Somewhat in contrast with [3], we have shown in Sect. 6.2.1 that reactive (or more akin to their proposed “adaptive”) controllers do not necessarily deteriorate task performance metrics to a significant degree and might even improve on certain metrics. This could be due to the fact that in this work control on a lower level is considered, leading to faster and more robust trajectory generation, as opposed to high-level task planning. As discussed, the number of objective metrics which apply are limited by considering perturbations and interruptions in a handover setting. Nevertheless, considered metrics represent a suitable baseline for objective performance analysis and encourage further considerations for metrics that could be employed in similar scenarios. As HRC tasks can range in complexity, and the experience is shaped by multiple criteria (as explored in the subjective survey), additional objective metrics are needed to accurately assess the interaction.
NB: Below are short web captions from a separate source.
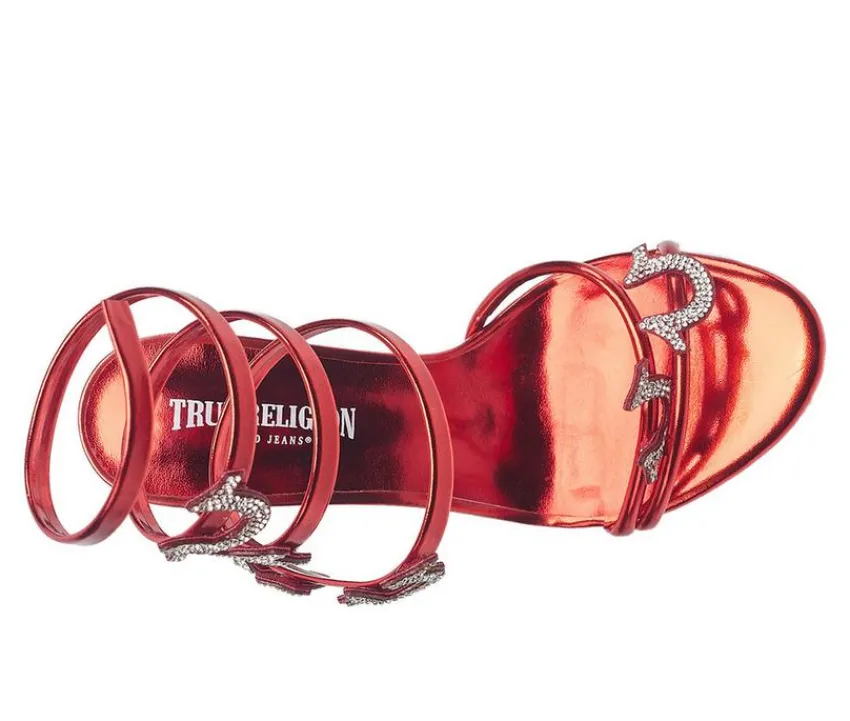 True Religion Sandals|Pumps & Heels>Women's Tiana Dress Sandals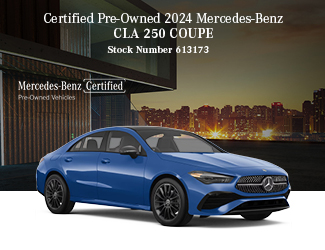 CPO 2024 Mercedes-Benz CLA 250 Coupe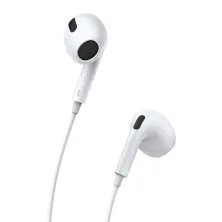 Наушники Baseus Encok C17 Lateral in-ear Wired Earphone Type-C Белый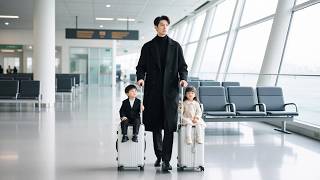 【Multi SUB】女孩帶著兩個萌娃回國找爹地，一下飛機便遇見他，本來以為他是個窮光蛋，沒想到他竟是千億霸總，還​​是自己的老闆！💗#愛情#萌寶#好劇推薦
As stated, literature on less-structured handover tasks is sparse, and as it develops hopefully more objective metrics will be proposed.

Considering the results of task performance metrics and the subjective survey, the “fast reactive” (R2) controller could provide a good trade-off between quality and efficacy. The proposed controller does not deteriorate significantly task completion time, while significantly improving the percentage robot idle time and the subjective metrics.

8 Conclusion

In this paper, a method for robust handovers with online trajectory generation using DMP is proposed. This method allows for dynamic handovers which take cues from human hand motion, and thus allow the robot to coordinate accordingly. The approach has been shown to be capable of stopping when appropriate, persisting through minor disturbances on the partner’s trajectory, and completing the task. Then, the method was assessed through coordination analysis and validated through objective task performance metrics and a subjective survey on user experience.
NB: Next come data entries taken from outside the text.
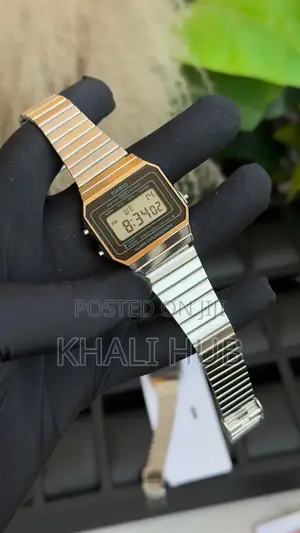Casio Digital Watch Casio Daily Alarm Watch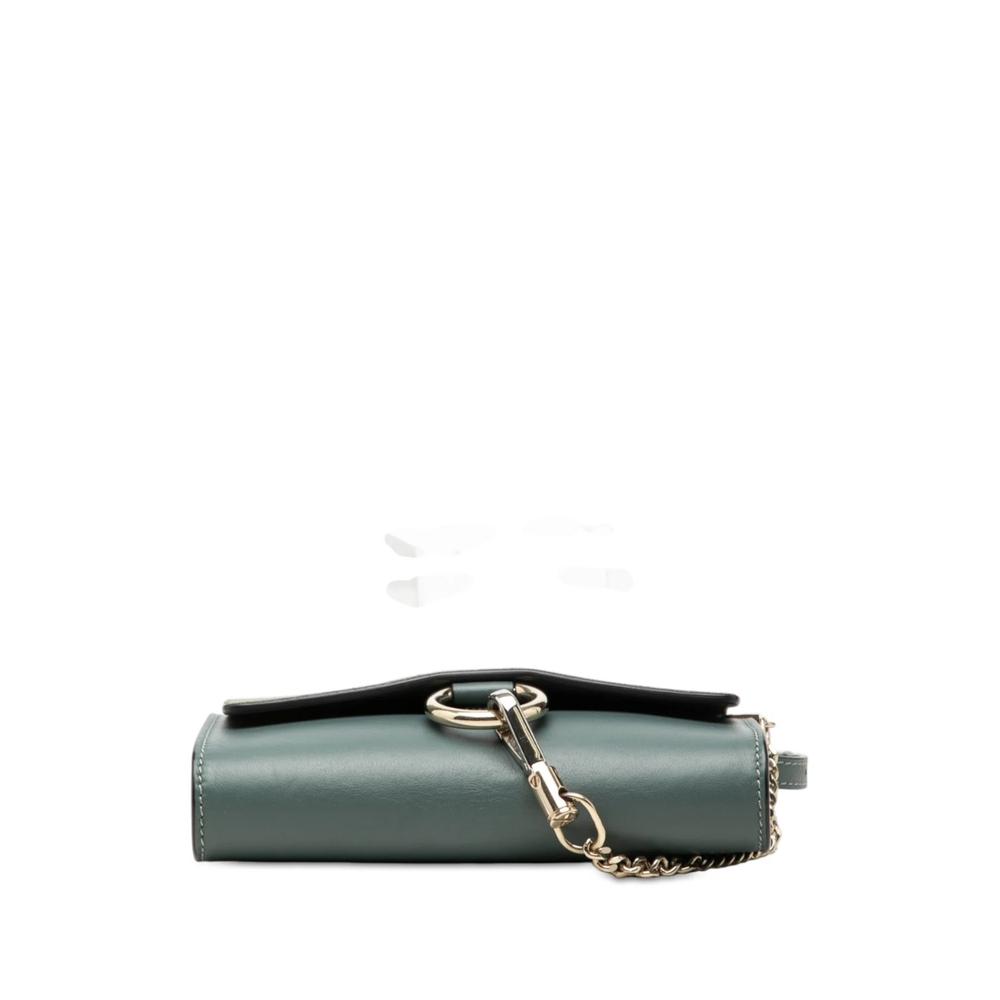 2002-2026 Mini Suede and Calfskin Faye Chain crossbody bag 4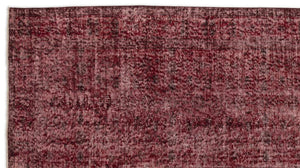 Apex Vintage Carpet Red 14050 156 x 285 cm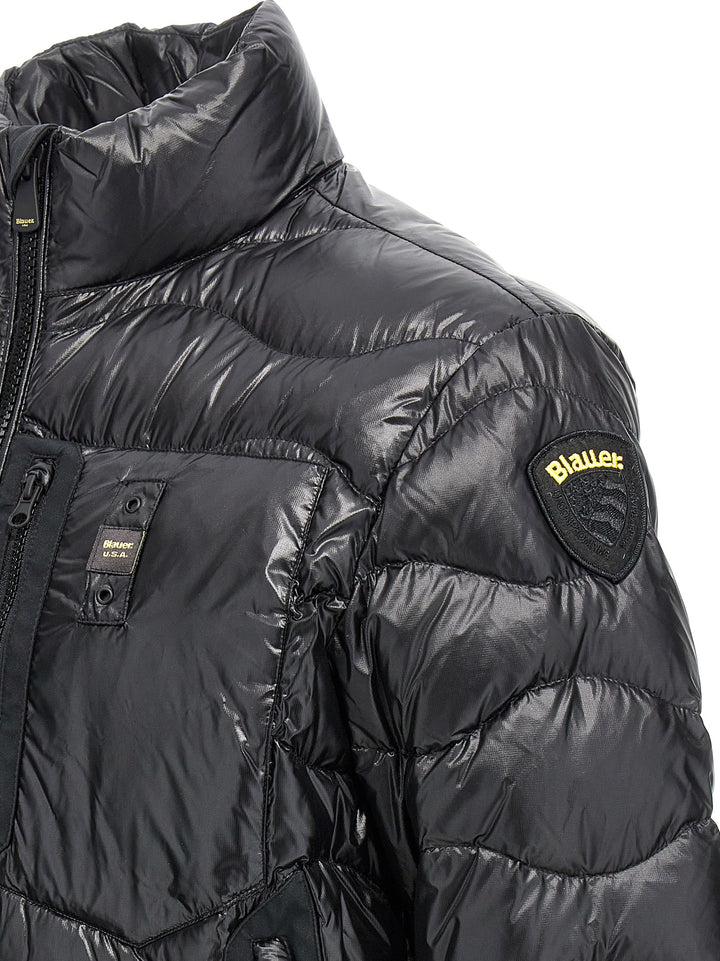 Quilted Down Jacket Giacche Nero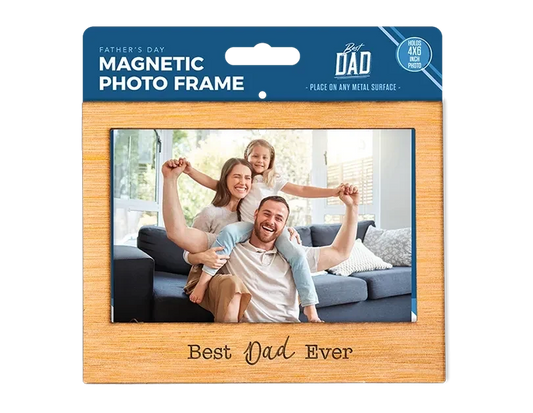 Fathers Day Magnetic Photo Frame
While this paper was focused on the temporal aspect of coordination, and thus handover location was predetermined, extension with a goal-free implementation is in development. Thus, a complete framework for online trajectory generation for dynamic and robust handover can be presented. Furthermore, as simplistic hand release was used in this work, reactive capabilities could be added to the release controller to improve the fluency of the task. While implemented virtual compliance made the release more natural as the robotic hand was compliant to human pull, the release triggered by force threshold could be deemed as “stiff” by human partners.
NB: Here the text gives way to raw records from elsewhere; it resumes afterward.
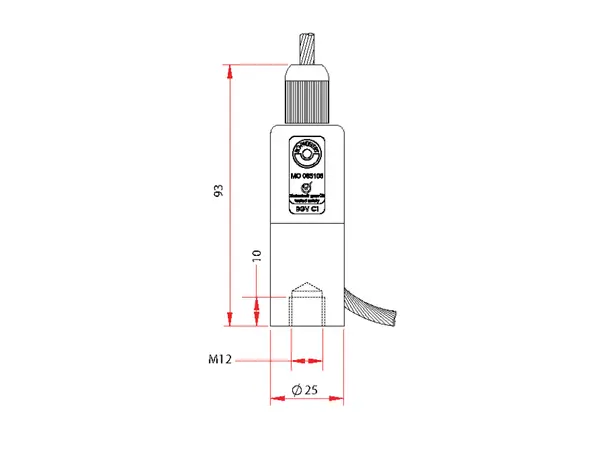 Doughty T37653 Reutlinger Type 50SVII W/12mm (WS) kobling 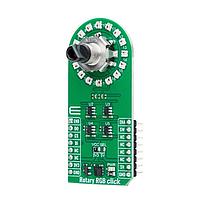 Mikroe MIKROE-6067 Rotary Encoders Rotary RGB Click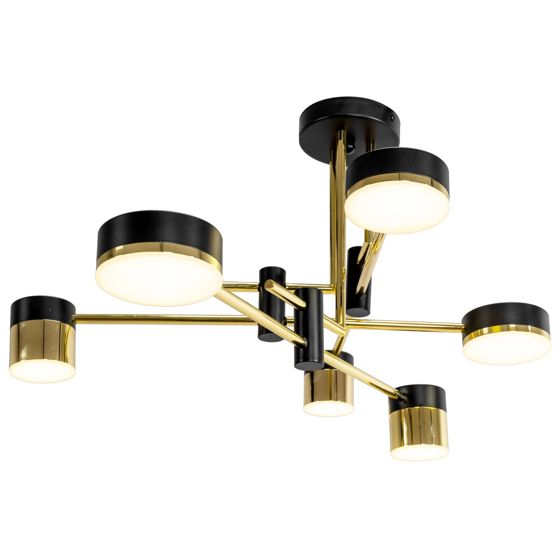 TOOLIGHT kattovalaisin APP1002-6C musta, 78x12x37, 5cm
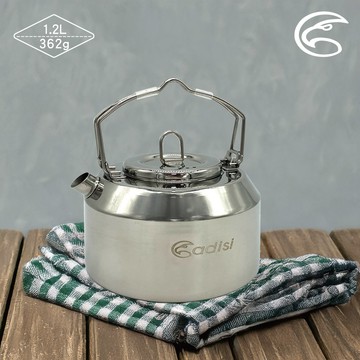 ADISI 雙柄不鏽鋼茶壺 AC565022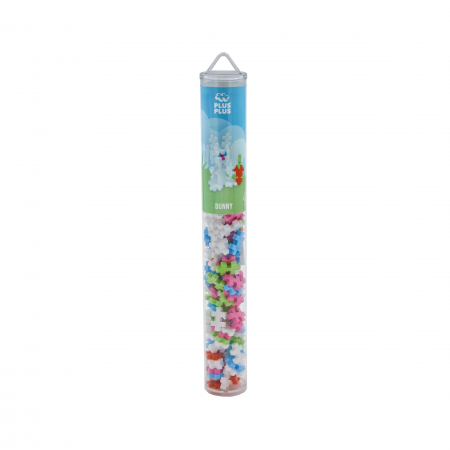 Seturi Constructie - Set constructie Plus-Plus, tub 100 piese, Iepure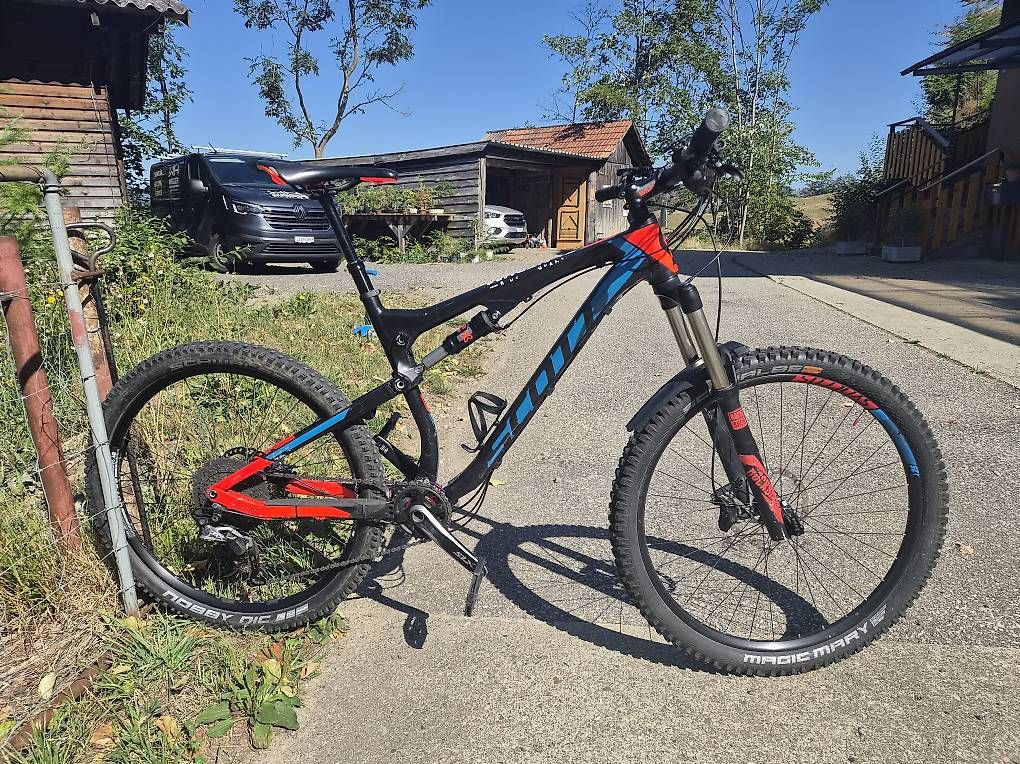 Biciclette: Scott Genius 750  – Usato da Schüpfheim venduto da Wibe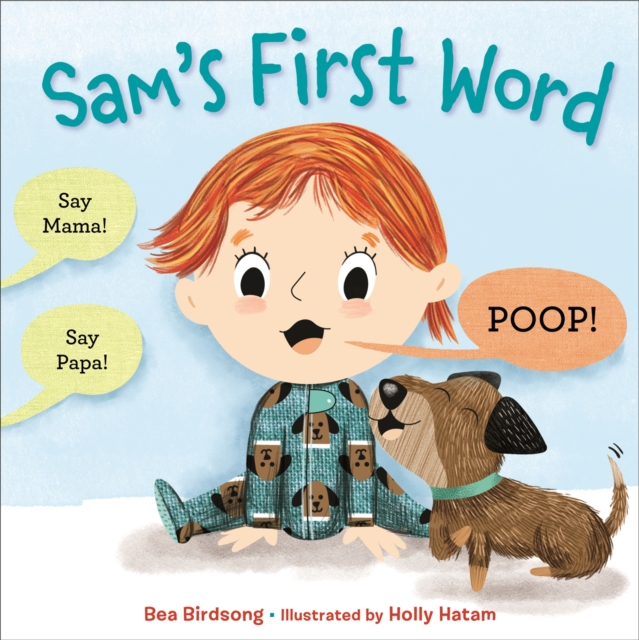 Sam's First Word, Hardback Book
It is apparent that HRC research can benefit from methods that can use implicit cues to be more robust against uncertainty or unexpected external factors. This is particularly the case for methods where the robot is made to learn some behavior: it is easy to showcase a correct execution, but it is difficult to learn all the ways in which it can go wrong. Extended research on this topic could lead to a more standardized analysis of managing disturbances and unexpected behavior. Having better-suited objective metrics to assess these kinds of scenarios would greatly benefit the research community and robotic development for real-world HRC in general.